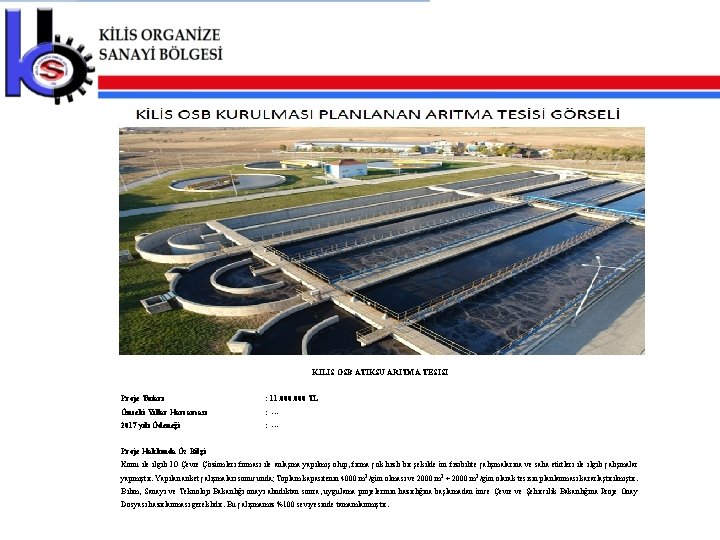 KİLİS OSB ATIKSU ARITMA TESİSİ Proje Tutarı : 11. 000 TL Önceki Yıllar Harcaması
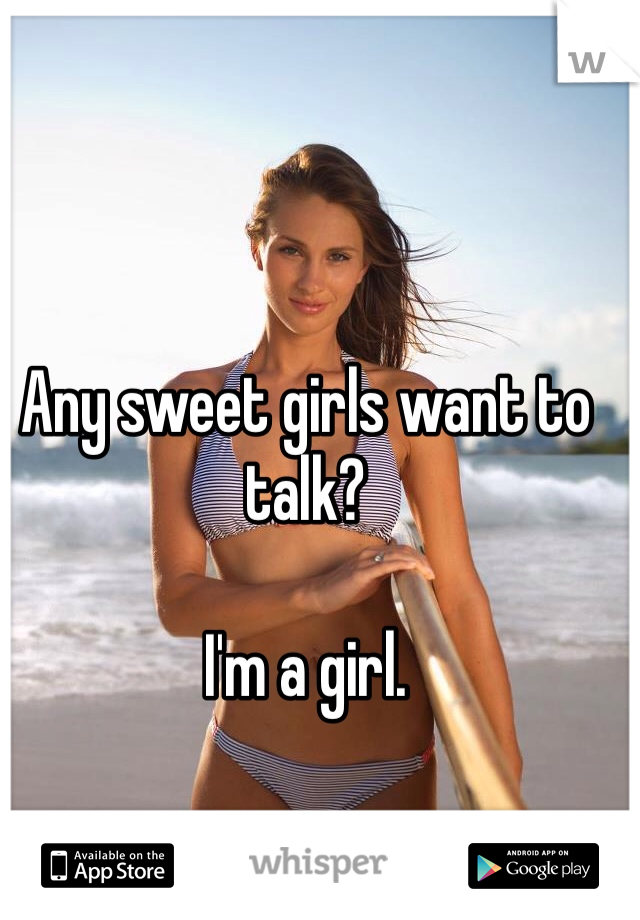 Any sweet girls want to talk?

I'm a girl. 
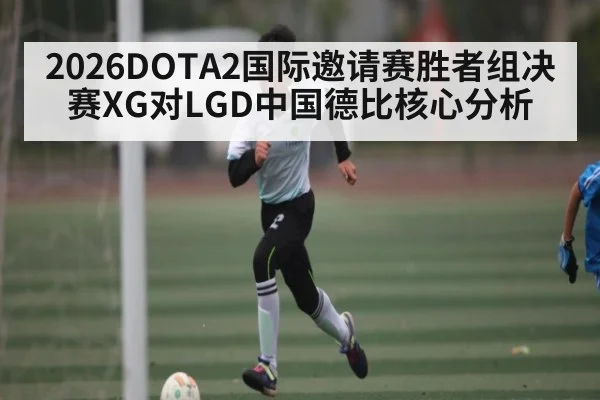 2026DOTA2国际邀请赛胜者组决赛XG对LGD中国德比核心分析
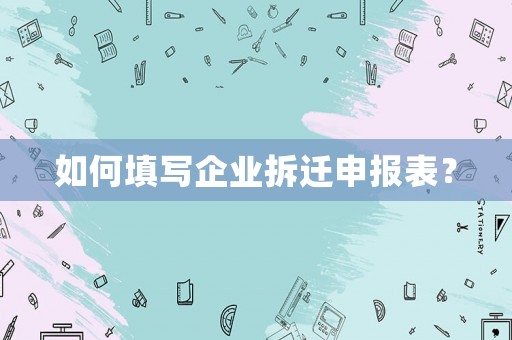 如何填寫企業拆遷申報表？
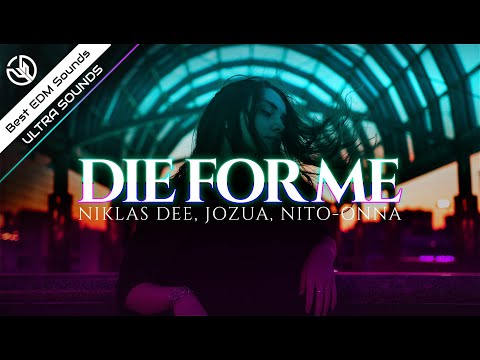 Niklas Dee, JOZUA, Nito-Onna - Die For Me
········
*EXERCISE AIM*
Starting from the line that contains "如何填寫企業拆遷申報表？", transcribe exactly each line down to the final line of the material above, excluding every picture and adding nothing else.

*OUTPUT BELOW*
 如何填寫企業拆遷申報表？
 Niklas Dee, JOZUA, Nito-Onna - Die For Me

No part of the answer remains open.